TRY IT: Find every line below where the word "this" occurs, then give how many you found and nothing else.

-------- INFORMATION SUPPLIED

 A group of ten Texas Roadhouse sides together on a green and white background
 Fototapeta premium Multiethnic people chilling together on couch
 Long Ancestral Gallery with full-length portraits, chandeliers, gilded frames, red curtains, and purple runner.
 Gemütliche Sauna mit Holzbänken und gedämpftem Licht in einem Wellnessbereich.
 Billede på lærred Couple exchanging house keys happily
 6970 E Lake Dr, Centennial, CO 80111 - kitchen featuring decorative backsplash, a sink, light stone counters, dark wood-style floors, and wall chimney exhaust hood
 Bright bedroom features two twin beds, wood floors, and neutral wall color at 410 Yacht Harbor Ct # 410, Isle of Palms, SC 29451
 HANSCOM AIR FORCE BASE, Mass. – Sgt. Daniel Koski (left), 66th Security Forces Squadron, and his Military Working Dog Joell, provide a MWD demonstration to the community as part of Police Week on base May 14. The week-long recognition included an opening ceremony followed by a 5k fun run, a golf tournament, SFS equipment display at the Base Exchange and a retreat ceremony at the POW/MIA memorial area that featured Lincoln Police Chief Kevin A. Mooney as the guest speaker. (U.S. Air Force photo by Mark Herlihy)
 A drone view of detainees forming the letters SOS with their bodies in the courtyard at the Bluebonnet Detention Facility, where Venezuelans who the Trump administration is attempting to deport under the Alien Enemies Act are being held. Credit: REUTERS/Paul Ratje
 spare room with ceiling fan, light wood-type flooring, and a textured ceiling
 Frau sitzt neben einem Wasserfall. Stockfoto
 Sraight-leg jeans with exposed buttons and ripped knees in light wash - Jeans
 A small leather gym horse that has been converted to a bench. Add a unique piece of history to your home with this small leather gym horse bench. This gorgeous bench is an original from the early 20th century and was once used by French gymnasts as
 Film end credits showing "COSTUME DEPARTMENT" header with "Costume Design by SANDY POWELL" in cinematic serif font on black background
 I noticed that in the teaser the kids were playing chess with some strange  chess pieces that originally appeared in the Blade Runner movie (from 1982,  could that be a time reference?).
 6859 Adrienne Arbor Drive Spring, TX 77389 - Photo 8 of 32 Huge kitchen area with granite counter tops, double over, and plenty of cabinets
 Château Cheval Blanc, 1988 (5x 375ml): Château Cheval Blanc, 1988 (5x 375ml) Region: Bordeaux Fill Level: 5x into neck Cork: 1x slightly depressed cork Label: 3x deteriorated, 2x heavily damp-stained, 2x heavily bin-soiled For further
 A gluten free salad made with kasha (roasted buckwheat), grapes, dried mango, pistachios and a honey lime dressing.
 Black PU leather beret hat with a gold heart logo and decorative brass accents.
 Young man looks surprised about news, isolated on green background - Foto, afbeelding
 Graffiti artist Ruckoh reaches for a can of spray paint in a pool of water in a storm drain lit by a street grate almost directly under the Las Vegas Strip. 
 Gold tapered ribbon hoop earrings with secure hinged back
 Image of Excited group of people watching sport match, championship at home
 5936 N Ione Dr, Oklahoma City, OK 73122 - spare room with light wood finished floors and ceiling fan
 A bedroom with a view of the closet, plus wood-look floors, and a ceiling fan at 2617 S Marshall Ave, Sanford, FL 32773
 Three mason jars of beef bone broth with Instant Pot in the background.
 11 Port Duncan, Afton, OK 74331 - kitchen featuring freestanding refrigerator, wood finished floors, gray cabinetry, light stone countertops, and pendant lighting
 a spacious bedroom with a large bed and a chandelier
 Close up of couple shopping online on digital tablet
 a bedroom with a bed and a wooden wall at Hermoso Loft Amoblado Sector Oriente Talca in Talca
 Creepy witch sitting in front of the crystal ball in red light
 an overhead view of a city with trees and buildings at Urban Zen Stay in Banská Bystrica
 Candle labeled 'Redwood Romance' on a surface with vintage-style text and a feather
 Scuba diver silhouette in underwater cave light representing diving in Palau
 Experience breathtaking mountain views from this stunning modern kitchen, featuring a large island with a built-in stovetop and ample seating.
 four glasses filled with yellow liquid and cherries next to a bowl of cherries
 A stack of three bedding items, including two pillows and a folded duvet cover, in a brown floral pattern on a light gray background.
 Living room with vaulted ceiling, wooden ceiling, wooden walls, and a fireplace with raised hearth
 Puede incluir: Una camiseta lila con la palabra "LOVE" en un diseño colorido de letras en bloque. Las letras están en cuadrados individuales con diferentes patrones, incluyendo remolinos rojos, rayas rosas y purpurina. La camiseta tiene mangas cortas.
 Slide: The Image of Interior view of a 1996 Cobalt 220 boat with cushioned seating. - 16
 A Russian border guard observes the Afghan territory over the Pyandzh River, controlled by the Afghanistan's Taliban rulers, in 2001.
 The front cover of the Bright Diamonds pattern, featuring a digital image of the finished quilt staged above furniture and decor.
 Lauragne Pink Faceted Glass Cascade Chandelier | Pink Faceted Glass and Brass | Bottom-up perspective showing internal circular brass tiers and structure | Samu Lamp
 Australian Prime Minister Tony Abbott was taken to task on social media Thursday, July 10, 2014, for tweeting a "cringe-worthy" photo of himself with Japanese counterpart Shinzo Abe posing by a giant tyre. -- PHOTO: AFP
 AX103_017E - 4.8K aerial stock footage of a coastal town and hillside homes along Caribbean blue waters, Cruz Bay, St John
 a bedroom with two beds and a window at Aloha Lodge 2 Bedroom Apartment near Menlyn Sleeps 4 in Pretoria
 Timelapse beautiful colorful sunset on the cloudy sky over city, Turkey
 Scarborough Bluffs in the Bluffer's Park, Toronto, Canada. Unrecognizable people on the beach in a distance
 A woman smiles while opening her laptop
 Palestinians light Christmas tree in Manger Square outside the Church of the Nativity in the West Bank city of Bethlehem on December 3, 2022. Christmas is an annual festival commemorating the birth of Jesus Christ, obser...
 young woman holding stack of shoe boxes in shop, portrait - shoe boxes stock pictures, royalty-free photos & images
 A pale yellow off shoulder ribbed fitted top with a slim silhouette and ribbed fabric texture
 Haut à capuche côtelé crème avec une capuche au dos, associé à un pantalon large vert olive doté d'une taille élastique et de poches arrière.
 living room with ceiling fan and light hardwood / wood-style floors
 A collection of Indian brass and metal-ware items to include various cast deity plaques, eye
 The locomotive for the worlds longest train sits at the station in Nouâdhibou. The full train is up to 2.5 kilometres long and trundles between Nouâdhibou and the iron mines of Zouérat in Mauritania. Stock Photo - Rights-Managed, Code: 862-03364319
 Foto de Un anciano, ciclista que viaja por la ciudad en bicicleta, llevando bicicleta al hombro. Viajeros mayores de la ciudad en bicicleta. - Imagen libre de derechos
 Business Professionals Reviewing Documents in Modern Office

----------------

TASK SOLUTION: 2